| Dataset excerpt |
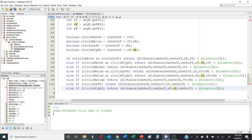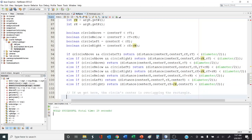There is one other scenario that could technically happen — if none of these are true, meaning the circle is not above, not below, not left, not right, that means it's overlapping the rectangle. Probably that won't happen often, but with advanced features like frame rate and movement speed, it could. In that case, the circle center is overlapping the rectangle, so of course there's a collision and we return true.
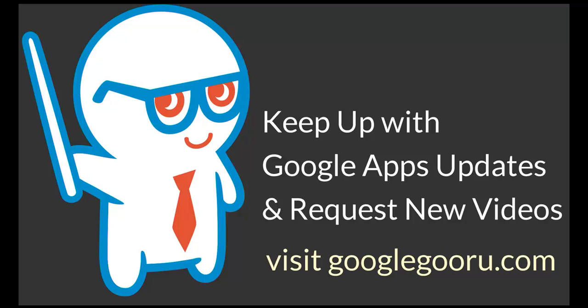As always, please leave us a message in the comments section below if you have any questions or ideas for new videos. Thanks.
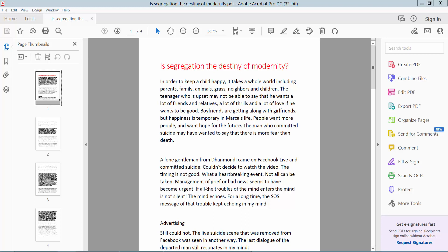Hello everyone, today I will show you how to start page numbering from specific pages in PDF using Adobe Acrobat Pro DC. First, open your PDF file. This is my PDF file I have already opened. Now click the Tools option here.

| Problem |
Reproduce the data verbatim and omit each image.

| Answer for this exercise |
There is one other scenario that could technically happen — if none of these are true, meaning the circle is not above, not below, not left, not right, that means it's overlapping the rectangle. Probably that won't happen often, but with advanced features like frame rate and movement speed, it could. In that case, the circle center is overlapping the rectangle, so of course there's a collision and we return true.
As always, please leave us a message in the comments section below if you have any questions or ideas for new videos. Thanks.
Hello everyone, today I will show you how to start page numbering from specific pages in PDF using Adobe Acrobat Pro DC. First, open your PDF file. This is my PDF file I have already opened. Now click the Tools option here.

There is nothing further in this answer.